* [Instructions for the task] For this exercise, copy all the data exactly and include none of the pictures.

%%

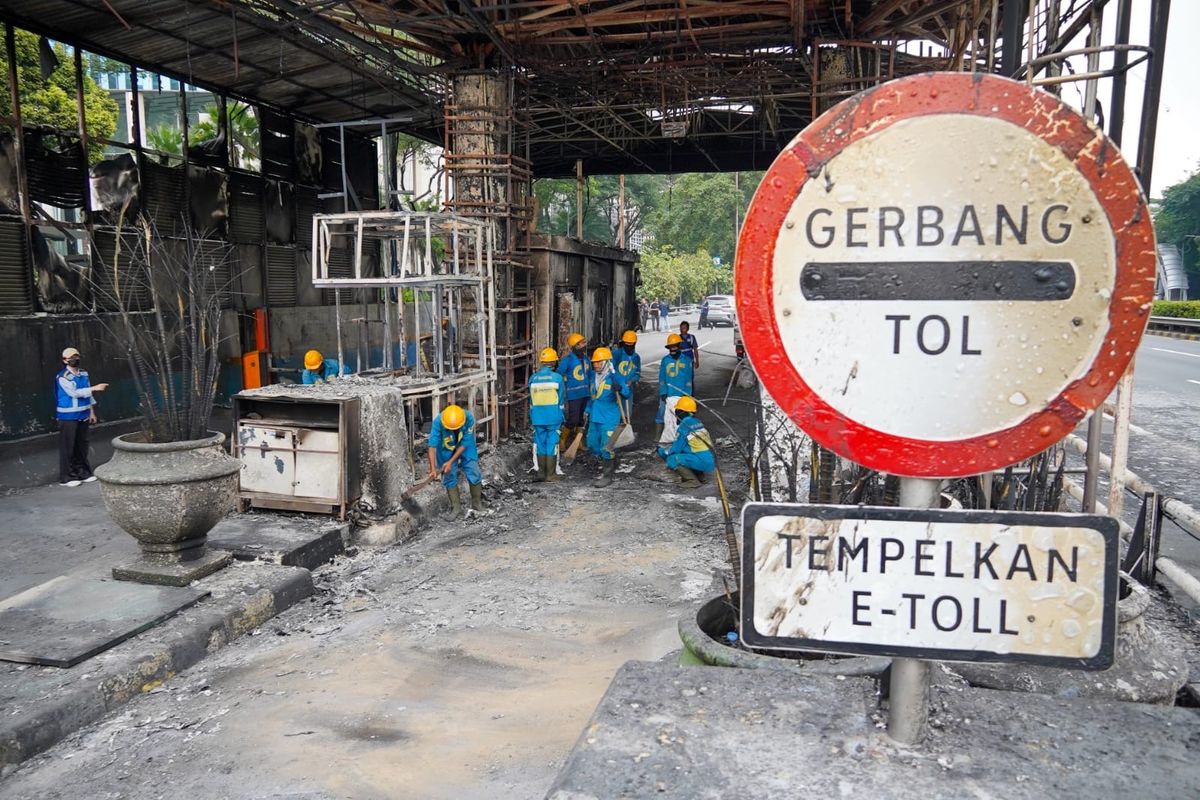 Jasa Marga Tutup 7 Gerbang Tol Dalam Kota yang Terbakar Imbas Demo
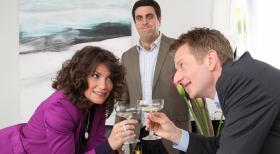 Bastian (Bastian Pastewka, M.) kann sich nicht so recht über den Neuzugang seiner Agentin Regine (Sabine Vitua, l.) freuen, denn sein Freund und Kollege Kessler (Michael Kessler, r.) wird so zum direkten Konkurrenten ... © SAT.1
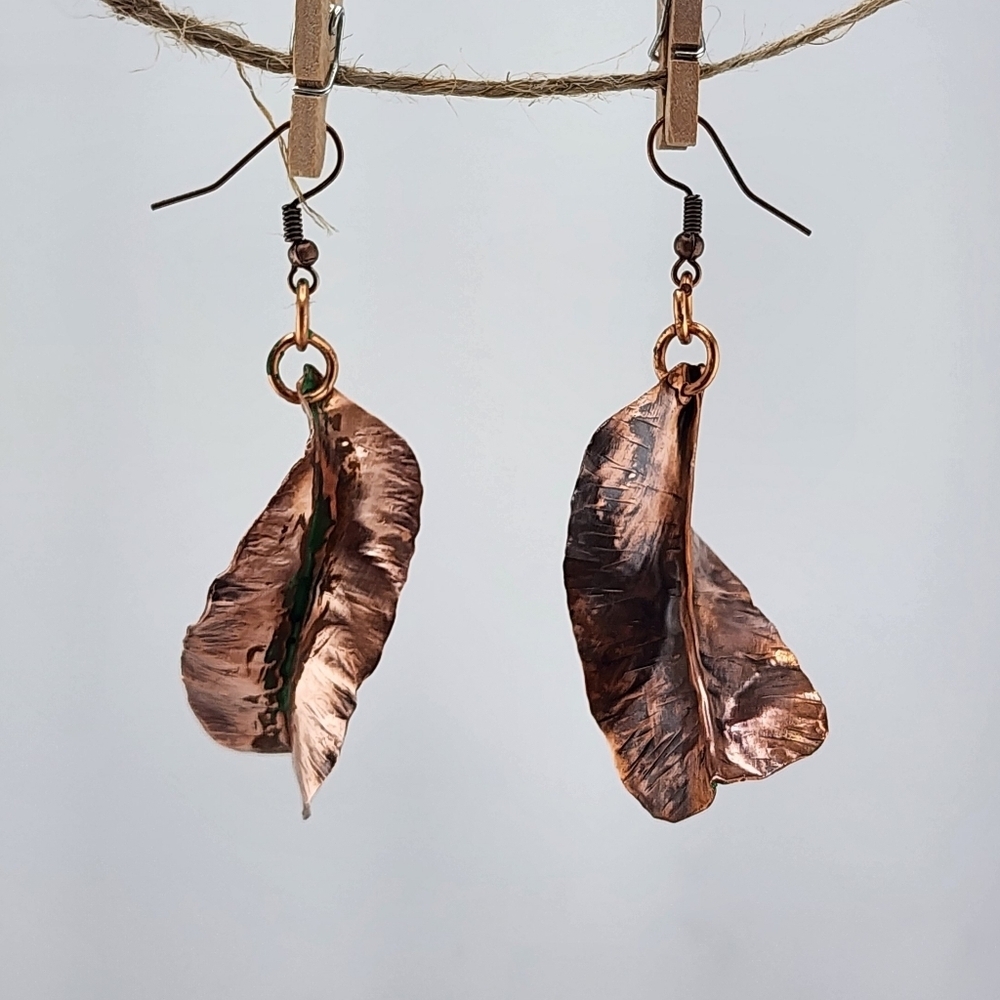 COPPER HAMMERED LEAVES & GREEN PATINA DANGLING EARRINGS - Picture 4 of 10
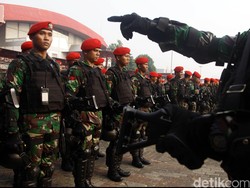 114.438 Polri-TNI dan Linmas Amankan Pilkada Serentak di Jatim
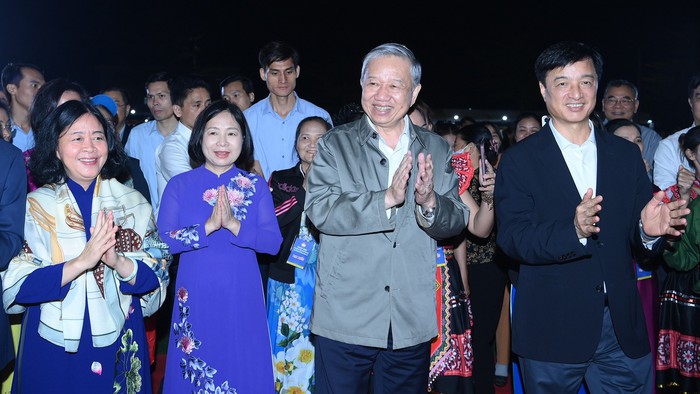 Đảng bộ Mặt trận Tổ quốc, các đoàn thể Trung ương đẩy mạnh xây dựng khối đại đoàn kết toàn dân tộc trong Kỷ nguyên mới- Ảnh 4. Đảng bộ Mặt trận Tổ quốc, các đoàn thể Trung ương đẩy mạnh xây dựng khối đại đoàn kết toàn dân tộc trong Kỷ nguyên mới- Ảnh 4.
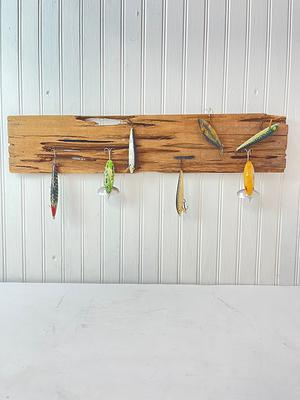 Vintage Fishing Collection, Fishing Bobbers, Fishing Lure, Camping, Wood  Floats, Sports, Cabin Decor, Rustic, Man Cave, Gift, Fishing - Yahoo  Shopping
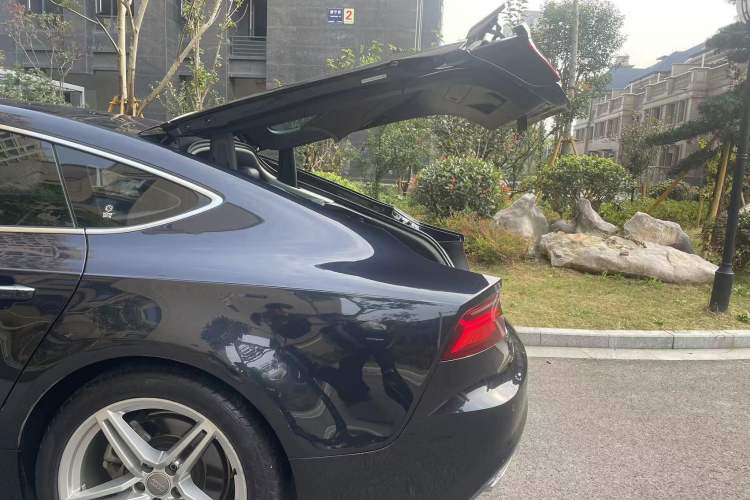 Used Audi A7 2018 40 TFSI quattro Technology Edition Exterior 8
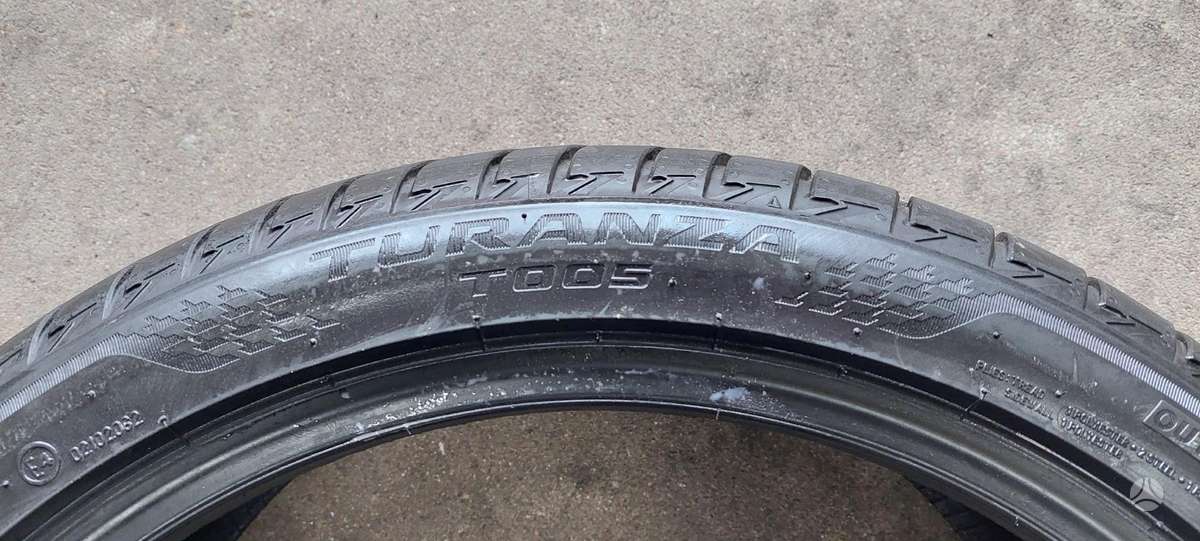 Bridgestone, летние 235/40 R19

%%

* [Answer to the exercise]
 Jasa Marga Tutup 7 Gerbang Tol Dalam Kota yang Terbakar Imbas Demo
 Bastian (Bastian Pastewka, M.) kann sich nicht so recht über den Neuzugang seiner Agentin Regine (Sabine Vitua, l.) freuen, denn sein Freund und Kollege Kessler (Michael Kessler, r.) wird so zum direkten Konkurrenten ... © SAT.1
 COPPER HAMMERED LEAVES & GREEN PATINA DANGLING EARRINGS - Picture 4 of 10
 114.438 Polri-TNI dan Linmas Amankan Pilkada Serentak di Jatim
 Đảng bộ Mặt trận Tổ quốc, các đoàn thể Trung ương đẩy mạnh xây dựng khối đại đoàn kết toàn dân tộc trong Kỷ nguyên mới- Ảnh 4. Đảng bộ Mặt trận Tổ quốc, các đoàn thể Trung ương đẩy mạnh xây dựng khối đại đoàn kết toàn dân tộc trong Kỷ nguyên mới- Ảnh 4.
 Vintage Fishing Collection, Fishing Bobbers, Fishing Lure, Camping, Wood  Floats, Sports, Cabin Decor, Rustic, Man Cave, Gift, Fishing - Yahoo  Shopping
 Used Audi A7 2018 40 TFSI quattro Technology Edition Exterior 8
 Bridgestone, летние 235/40 R19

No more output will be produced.